Devant le Grand sérail, les profs de l'UL en colère

Rassemblés dans le cadre d'un sit-in devant le Grand sérail de Beyrouth où se déroule un Conseil des ministres, les contractuels de l'Université libanaise (UL) ont notamment appelé à la chute du gouvernement de Tammam Salam.

Ce Conseil des ministres aurait pu décider du sort de l'UL et de celui de 1 200 de ses enseignants contractuels qui attendent d'être cadrés, mais le règlement de ce dossier est toujours entravé par les turbulences politiques. Le projet de loi sur la titularisation de quelque 1 200 professeurs de l'Université libanaise (UL) et la nomination de nouveaux doyens de l'université publique fait notamment l'objet de réserves de la part du parti Kataëb, du Parti socialiste progressiste (PSP) et du Courant du futur.

 

"Nous représentons le Liban, nous sommes ceux qui vous ont amenés au pouvoir, nous sommes aussi ceux qui peuvent vous déloger", a lancé l'un des profs lors de ce rassemblement.

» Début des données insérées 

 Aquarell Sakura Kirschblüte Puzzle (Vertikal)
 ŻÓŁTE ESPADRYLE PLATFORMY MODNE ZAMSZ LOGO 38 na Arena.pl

"Nous avons rencontré tous les politiciens, ils ont affirmé nous soutenir, mais apparemment, il faudrait également que nous rencontrions des ministres étrangers", a déclaré une professeur, évoquant par la même des ingérences extérieures dans ce dossier. "Nous resterons ici jusqu’à ce que nous soyons cadrés, nous resterons ici, nous ne partirons pas", a-t-elle martelé.

 

"Nous devons protéger l'université, nous espérons que vous êtes tous avec nous et que le Conseil des ministres nous entendra", avait déclaré, un peu plus tôt, le doyen de la Faculté des Sciences, Hassan Zeineddine, mettant en garde contre "l'effondrement" de l'UL.

 

 

 

Rassemblés dans le cadre d'un sit-in devant le Grand sérail de Beyrouth où se déroule un Conseil des ministres, les contractuels de l'Université libanaise (UL) ont notamment appelé à la chute du gouvernement de Tammam Salam.
Ce Conseil des ministres aurait pu décider du sort de l'UL et de celui de 1 200 de ses enseignants contractuels qui attendent d'être cadrés, mais le règlement de ce dossier est toujours entravé par les turbulences politiques. Le projet de loi sur la titularisation de quelque 1 200 professeurs de l'Université libanaise (UL) et la nomination de nouveaux doyens de l'université publique fait notamment l'objet de réserves de la part du parti Kataëb, du Parti socialiste progressiste (PSP) et du Courant du futur.
 
"Nous représentons le Liban, nous sommes ceux qui vous ont amenés au pouvoir, nous...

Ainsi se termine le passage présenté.